# Task instructions:
Your answer should consist of every line from the records that holds the string "Mountain".

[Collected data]

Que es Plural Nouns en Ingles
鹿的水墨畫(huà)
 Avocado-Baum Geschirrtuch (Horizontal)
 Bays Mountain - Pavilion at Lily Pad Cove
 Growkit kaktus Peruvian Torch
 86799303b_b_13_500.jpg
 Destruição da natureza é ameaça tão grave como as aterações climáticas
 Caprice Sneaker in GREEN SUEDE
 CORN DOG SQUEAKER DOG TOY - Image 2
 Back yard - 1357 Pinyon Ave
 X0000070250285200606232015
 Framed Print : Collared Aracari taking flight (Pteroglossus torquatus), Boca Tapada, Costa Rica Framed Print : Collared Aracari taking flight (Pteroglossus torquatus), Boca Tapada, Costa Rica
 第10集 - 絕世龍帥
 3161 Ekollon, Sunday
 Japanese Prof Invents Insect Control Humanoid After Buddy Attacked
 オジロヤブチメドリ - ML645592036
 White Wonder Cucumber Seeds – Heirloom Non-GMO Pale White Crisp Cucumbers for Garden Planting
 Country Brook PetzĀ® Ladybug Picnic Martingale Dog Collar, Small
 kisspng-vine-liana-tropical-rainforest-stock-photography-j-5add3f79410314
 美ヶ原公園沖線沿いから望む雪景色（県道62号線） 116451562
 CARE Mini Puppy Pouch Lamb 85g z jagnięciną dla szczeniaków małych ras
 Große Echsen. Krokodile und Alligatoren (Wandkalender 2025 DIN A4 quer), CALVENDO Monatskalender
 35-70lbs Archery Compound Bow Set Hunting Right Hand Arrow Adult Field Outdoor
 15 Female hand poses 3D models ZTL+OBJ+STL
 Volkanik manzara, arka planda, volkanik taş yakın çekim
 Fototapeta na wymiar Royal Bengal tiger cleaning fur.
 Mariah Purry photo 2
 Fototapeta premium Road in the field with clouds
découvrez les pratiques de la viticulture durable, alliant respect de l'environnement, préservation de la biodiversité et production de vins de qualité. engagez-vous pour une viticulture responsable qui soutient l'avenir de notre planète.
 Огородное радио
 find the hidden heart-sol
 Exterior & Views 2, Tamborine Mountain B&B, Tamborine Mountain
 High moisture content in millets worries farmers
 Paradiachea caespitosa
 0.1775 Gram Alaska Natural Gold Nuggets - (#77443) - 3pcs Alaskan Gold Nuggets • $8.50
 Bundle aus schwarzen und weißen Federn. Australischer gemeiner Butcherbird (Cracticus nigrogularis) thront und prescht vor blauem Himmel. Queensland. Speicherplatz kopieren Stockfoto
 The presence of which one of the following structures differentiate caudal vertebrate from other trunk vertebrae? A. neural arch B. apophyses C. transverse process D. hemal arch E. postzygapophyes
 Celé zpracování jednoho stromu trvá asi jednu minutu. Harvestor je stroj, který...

# Result of the task:
 Bays Mountain - Pavilion at Lily Pad Cove
 Exterior & Views 2, Tamborine Mountain B&B, Tamborine Mountain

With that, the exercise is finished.